### Try it
The full listing, excluding its pictures, should be printed exactly as it stands.

### Source data
══════
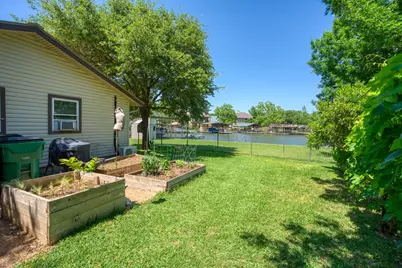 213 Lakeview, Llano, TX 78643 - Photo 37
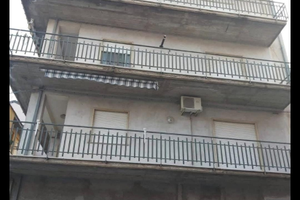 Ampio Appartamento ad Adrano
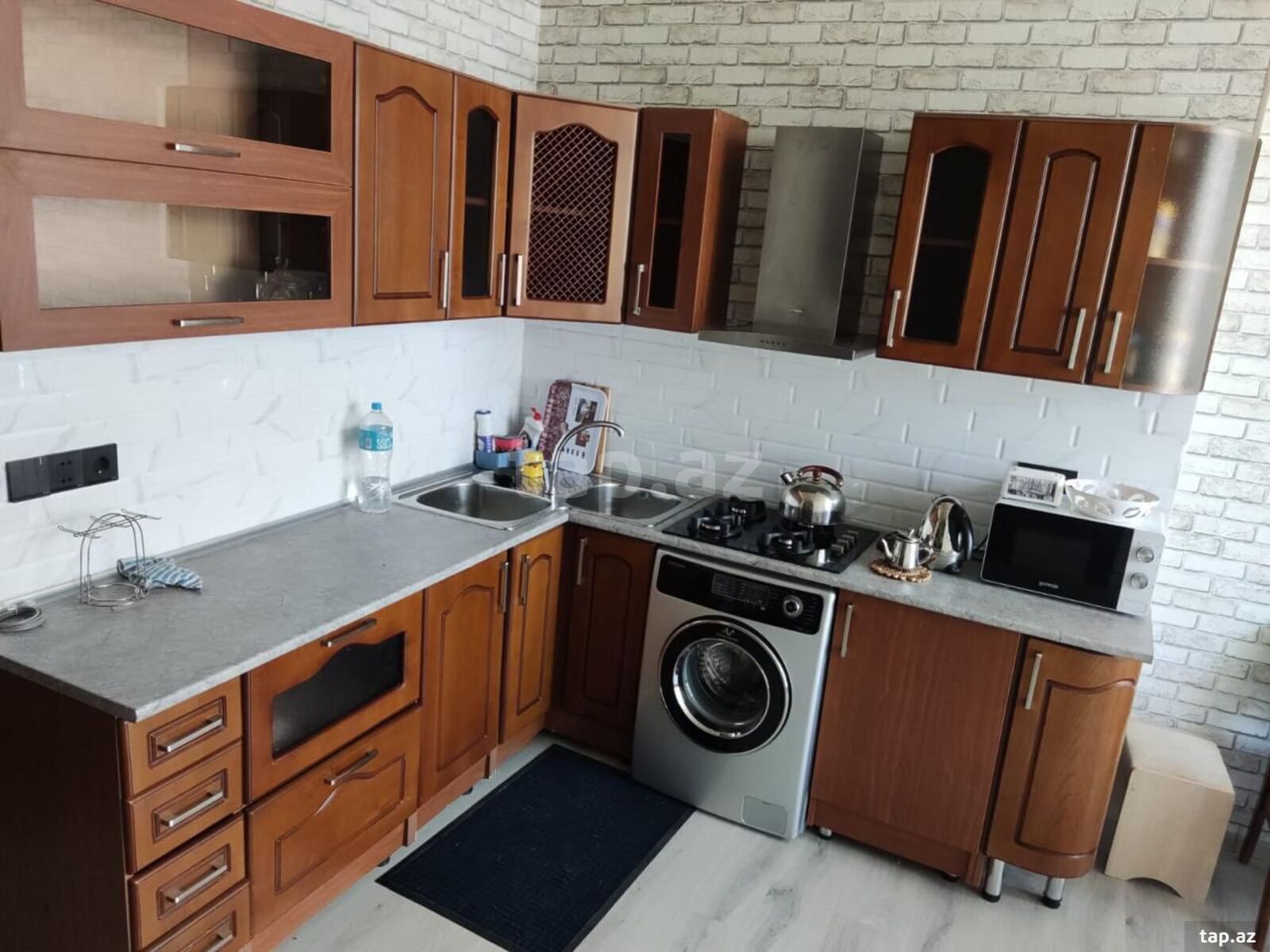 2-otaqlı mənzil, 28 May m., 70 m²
══════
### Answer to this exercise
 213 Lakeview, Llano, TX 78643 - Photo 37
 Ampio Appartamento ad Adrano
 2-otaqlı mənzil, 28 May m., 70 m²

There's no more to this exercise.